Reading Megwithbooks favourite underrated books!

Hi there and welcome to this first blog post of hopefully many more to come! A little while back Megan from Megwithbooks uploaded a video of her favourite underrated books. In that video she said she wanted someone to read her list and so I thought: I can do that! I’ve been toying with this idea of ‘themed TBR’ blog posts for a while and Megan’s video was the last push for me to kick off this series. And I already have a lot more ideas for future themed TBRs!

Now what are these themed TBR blogposts? It’s easy: for these blog posts I pick a certain theme and read books within that theme. The theme of this post is Megan’s favourite underrated books, so I will read the 6 books she mentioned in that video and give you my review. But, and that’s the fun part of the blog post, my reviews will be little podcast type vlogs. I will not only give you my final thoughts on the book, but also the thoughts I had whilst reading the book. So it’s a bit like a reading vlog, but it’s just my voice.

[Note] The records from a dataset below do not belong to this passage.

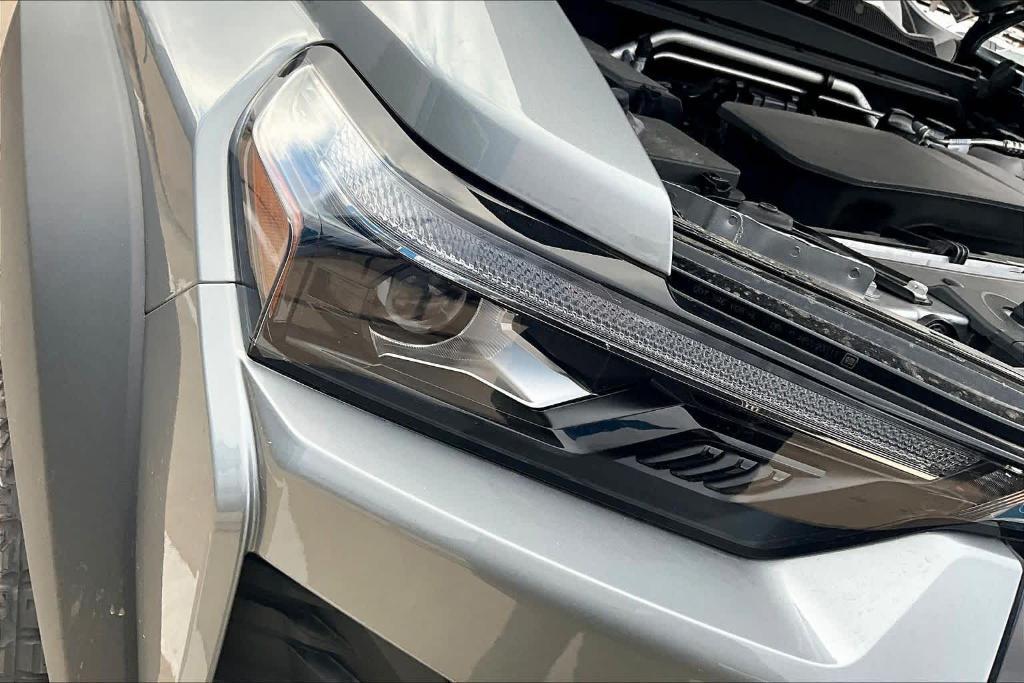 new 2026 Chevrolet Colorado car, priced at $61,320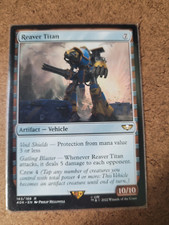 reaver titan for sale  Ontario
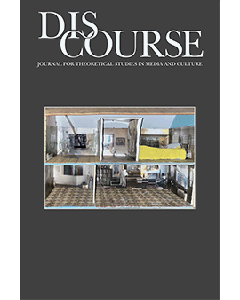 Discourse Volume 44, Issue 3, Fall 2022 (Horror Grows Up?)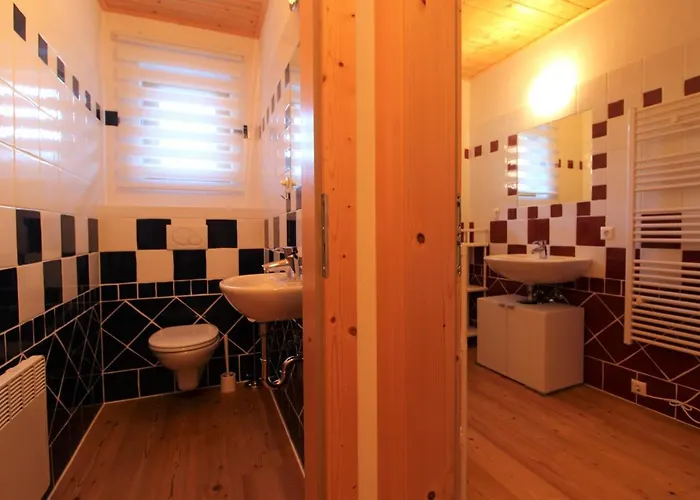 Griass Eich Ski-to-door By Isa Badkleinkirchheim Lägenhet Bad Kleinkirchheim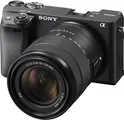 Замена объектива на фотоаппарате Sony в Воронеже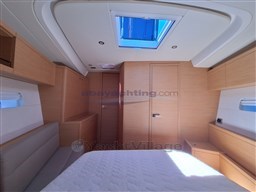 Abayachting Cantiere del Pardo Grand Soleil LC52 usato-second hand 27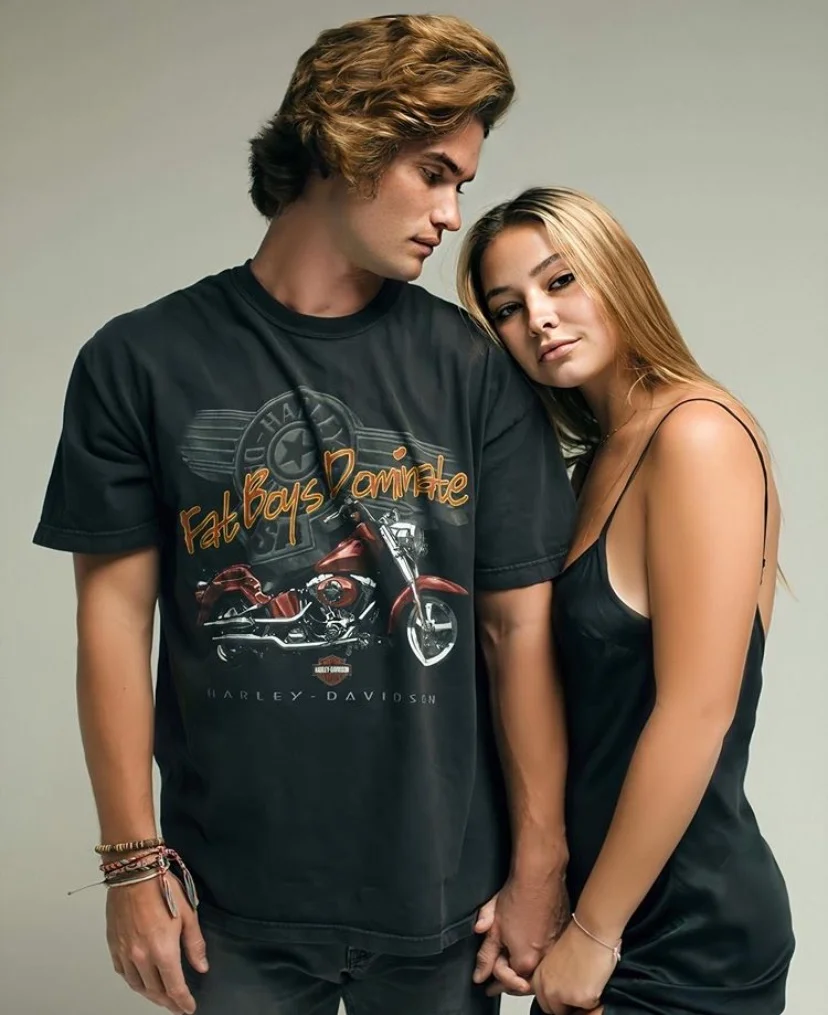 É oficial: Chase Stokes e Madelyn Cline, de ‘Outer Banks’, estão namorando!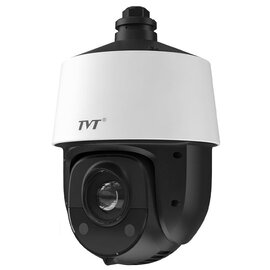 Изображение  IP Видеокамера TVT TD-8483IS3N (PE/25M/AR15)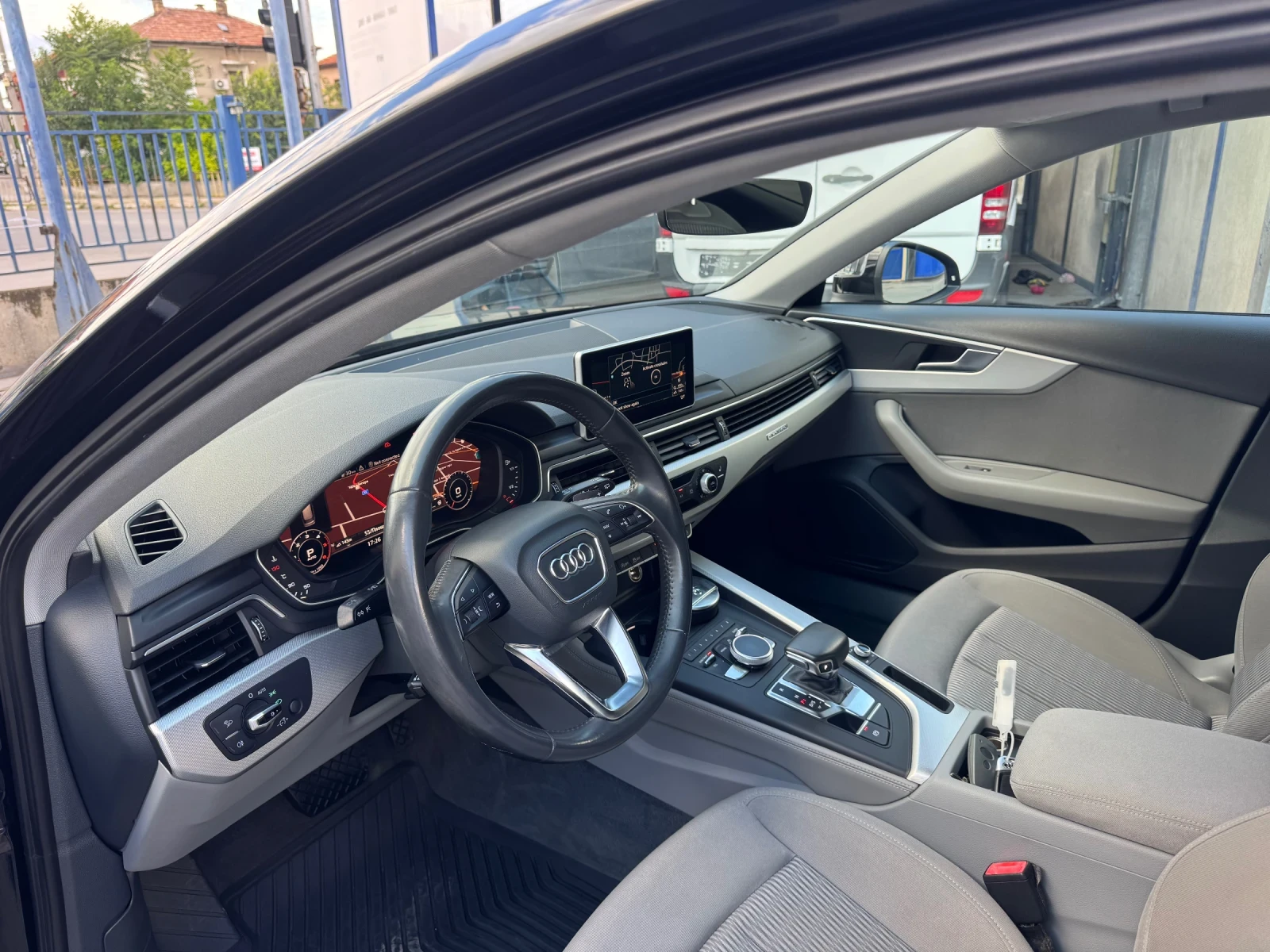 Audi A4 3.0TDI 272к.с/QUATTRO/DIGITAL, снимка 13 - Автомобили и джипове - 55416093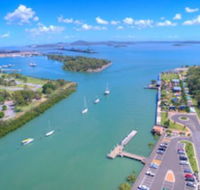 The Precinct Gladstone - Accommodation Daintree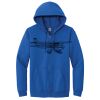 GILDAN® HEAVY BLEND™ FULL ZIP HOODIE Thumbnail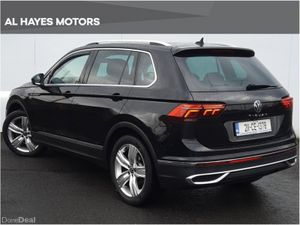 Volkswagen Tiguan **SOLD SOLD SOLD SOLD SOLD** - Image 3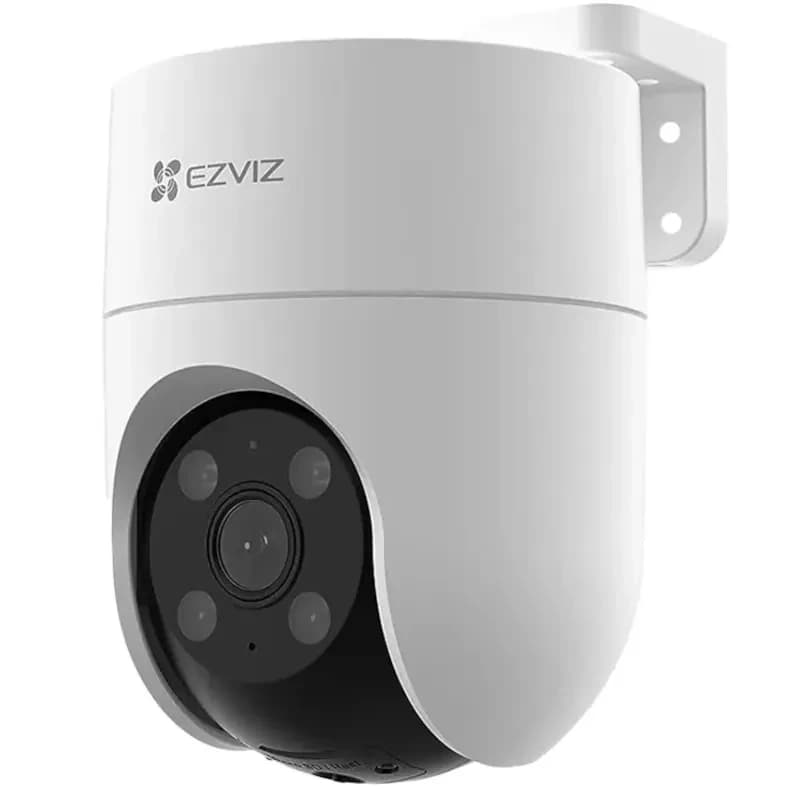 IP-камера EZVIZ H8c (3 Мп, 4 мм, уличная) [CS-H8c-R200-1K3KFL4GA]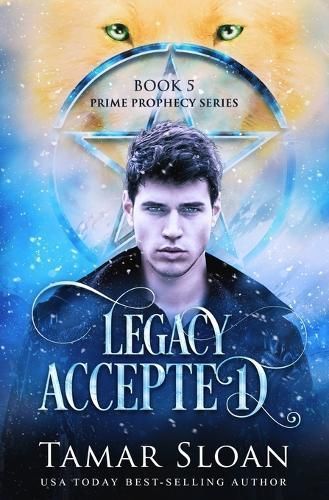 Legacy Accepted By Sloan 9780648522003 (Paperback)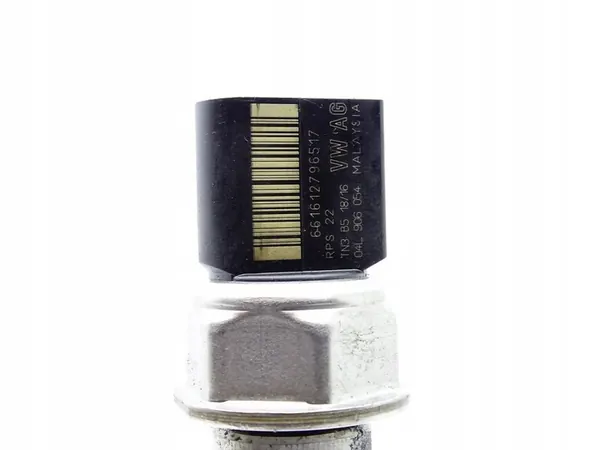 Audi Q5 SQ5 2017 Kraftstoffschiene 04L089G image 3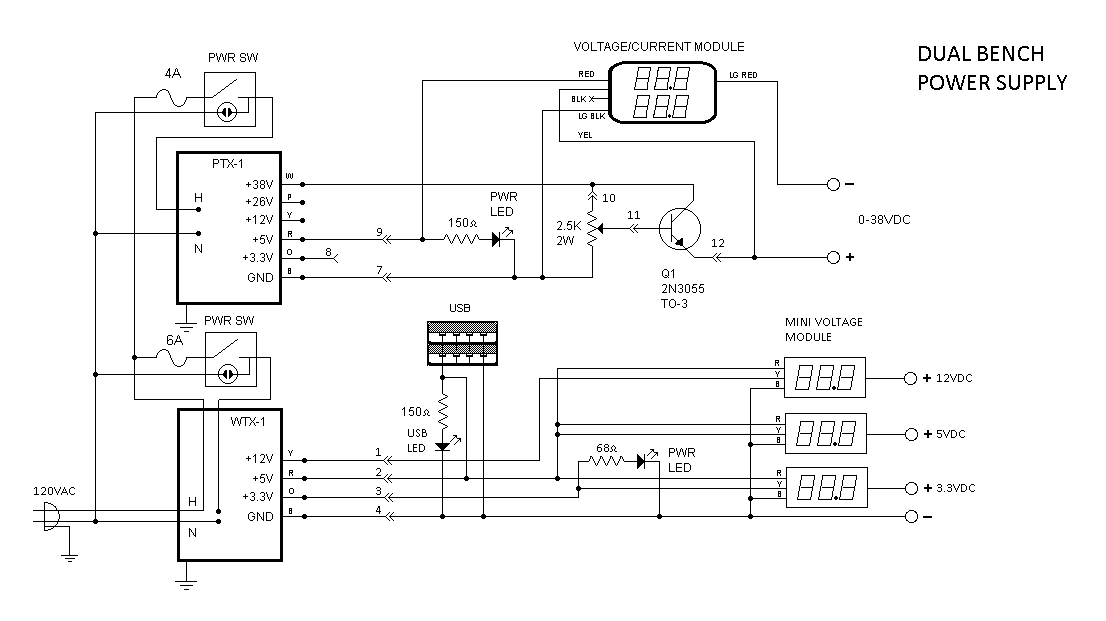 Dual Bench Power Supply.bmp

Book 1: The Guest List by Lucy Foley

Each has a secret, each has a motive.

Off the windswept Irish coast, guests gather for the wedding of the year.

One guest won’t leave the wedding alive.

The stage is set for the marriage of Jules Keegan and Will Slater. The setting is spectacular, the planning meticulous, the atmosphere alive with nostalgia as the guests toast the most golden of couples.

Yet under the cloak of happniess, dark secrets begin to spill and old grudges surface. And the wedding cake has barely been cut when someone is found dead.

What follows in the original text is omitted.